Remove batch normalization. Along with decreasing batch size to 1, doing this can expose diminishing or exploding gradients. For weeks we had a network that wasn’t converging, and only when we removed batch normalization did we realize that the outputs were all NaN by the second iteration. Batch norm was putting a band-aid on something that needed a tourniquet. It has its place, but only after you know your network is bug-free.
Increase (mini-)batch size. A larger batch size—heck, the whole training set if you could—reduces variance in gradient updates, making each iteration more accurate. In other words, weight updates will be in the right direction. But! There’s an effective upper bound on its usefulness, as well as physical memory limits. Typically, we find this less useful than the previous two suggestions to reduce batch size to 1 and remove batch norm.
Check your reshaping. Drastic reshaping (like changing an image’s X,Y dimensions) can destroy spatial locality, making it harder for a network to learn since it must also learn the reshape. (Natural features become fragmented. The fact that natural features appear spatially local is why conv nets are so effective!) Be especially careful if reshaping with multiple images/channels; use numpy.stack() for proper alignment.
Scrutinize your loss function. If using a complex function, try simplifying it to something like L1 or L2. We’ve found L1 to be less sensitive to outliers, making less drastic adjustments when hitting a noisy batch or training point.

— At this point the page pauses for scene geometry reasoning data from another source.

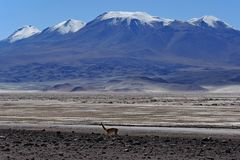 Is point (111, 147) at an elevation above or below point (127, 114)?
below

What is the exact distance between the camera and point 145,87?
651 feet

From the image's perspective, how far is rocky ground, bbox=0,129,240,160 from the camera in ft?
68.2

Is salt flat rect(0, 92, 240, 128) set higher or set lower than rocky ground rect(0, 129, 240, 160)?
higher

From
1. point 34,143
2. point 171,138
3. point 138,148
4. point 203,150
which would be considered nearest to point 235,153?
point 203,150

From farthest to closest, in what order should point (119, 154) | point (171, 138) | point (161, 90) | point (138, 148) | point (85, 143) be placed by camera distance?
point (161, 90), point (171, 138), point (85, 143), point (138, 148), point (119, 154)

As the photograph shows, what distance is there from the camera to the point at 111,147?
23594mm

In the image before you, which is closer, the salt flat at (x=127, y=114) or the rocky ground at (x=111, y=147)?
the rocky ground at (x=111, y=147)

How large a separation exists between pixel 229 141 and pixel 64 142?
6.41 m

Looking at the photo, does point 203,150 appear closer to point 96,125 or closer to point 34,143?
point 34,143

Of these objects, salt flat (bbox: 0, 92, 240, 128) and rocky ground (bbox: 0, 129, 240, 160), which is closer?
rocky ground (bbox: 0, 129, 240, 160)

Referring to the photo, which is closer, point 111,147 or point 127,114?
point 111,147

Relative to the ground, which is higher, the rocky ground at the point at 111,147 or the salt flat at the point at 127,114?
the salt flat at the point at 127,114

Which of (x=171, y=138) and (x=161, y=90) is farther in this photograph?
(x=161, y=90)

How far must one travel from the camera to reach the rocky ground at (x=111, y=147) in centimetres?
2078
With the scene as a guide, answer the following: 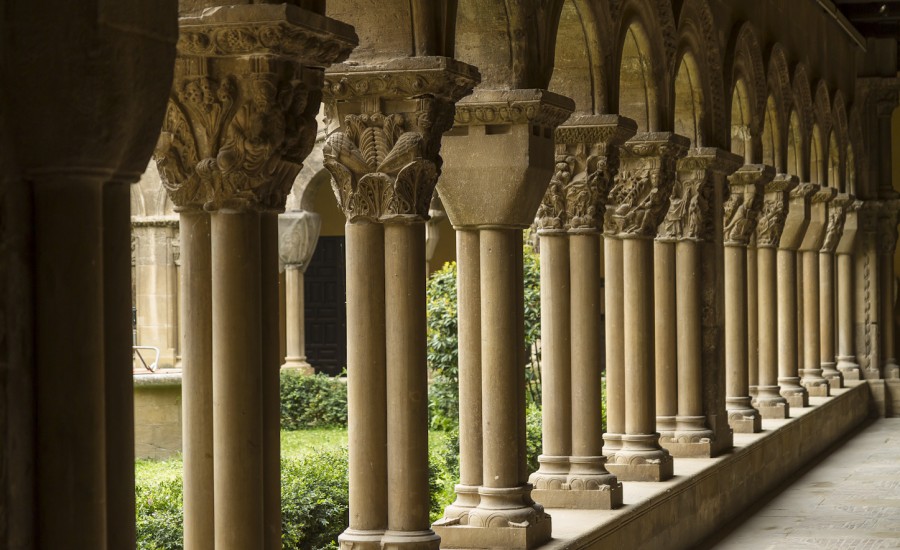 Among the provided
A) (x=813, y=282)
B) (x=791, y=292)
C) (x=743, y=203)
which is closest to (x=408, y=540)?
(x=743, y=203)

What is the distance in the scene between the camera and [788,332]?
13.5 m

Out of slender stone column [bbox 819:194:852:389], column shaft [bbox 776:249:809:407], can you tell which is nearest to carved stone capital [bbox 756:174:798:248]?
column shaft [bbox 776:249:809:407]

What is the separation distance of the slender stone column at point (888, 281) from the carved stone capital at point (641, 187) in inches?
362

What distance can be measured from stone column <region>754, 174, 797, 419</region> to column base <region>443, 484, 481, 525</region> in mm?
6672

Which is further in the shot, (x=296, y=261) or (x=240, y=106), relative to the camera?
(x=296, y=261)

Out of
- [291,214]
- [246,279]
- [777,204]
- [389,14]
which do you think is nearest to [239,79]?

Scrutinize your visualizations, if applicable. Is your viz library (matplotlib, OpenCV, etc.) adjusting the scale of the values, or clipping them? Consider using a perceptually-uniform color scheme as well.

Closely following this discussion was a discussion of “the PyTorch-to-Tensorflow production workflow” which, thankfully, I have never needed to deal with, but I thought it would be important to touch on since it has its own idiosyncrasies. In short, a common workflow (to the channel) is that a researcher will use PyTorch for prototyping, then migrate the model into TensorFlow for production use, but tensorflow models exhibit different behaviour with the same hypeparameters so you basically need to redo your hyperparameters tuning all over again. This is reminicent of Deep Reinforcement Learning that Matters. In this particular case, TF models refused to train unless you l2-normalized the input (unlike in Torch). Another researcher who doesn’t need to train tensorflow models on the field simply trains models in PyTorch, then copies the weights to a mirror tensorflow model. A few things need to be rewritten in TF to make them Torch friendly (Bi-directional LSTM had a number of subtle differences), but said development in PyTorch was worth the hassle. This still might have nuances (like the data preprocessing requirements) and should always be backed with benchmarks.